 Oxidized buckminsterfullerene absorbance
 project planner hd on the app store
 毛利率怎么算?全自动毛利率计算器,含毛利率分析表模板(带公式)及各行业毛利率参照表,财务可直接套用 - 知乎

TASK STATEMENT: Repeat exactly the lines above, starting with the line that contains "project planner hd on the app store" and ending with the last line, both included, and nothing else.

WRITTEN RESPONSE:
 project planner hd on the app store
 毛利率怎么算?全自动毛利率计算器,含毛利率分析表模板(带公式)及各行业毛利率参照表,财务可直接套用 - 知乎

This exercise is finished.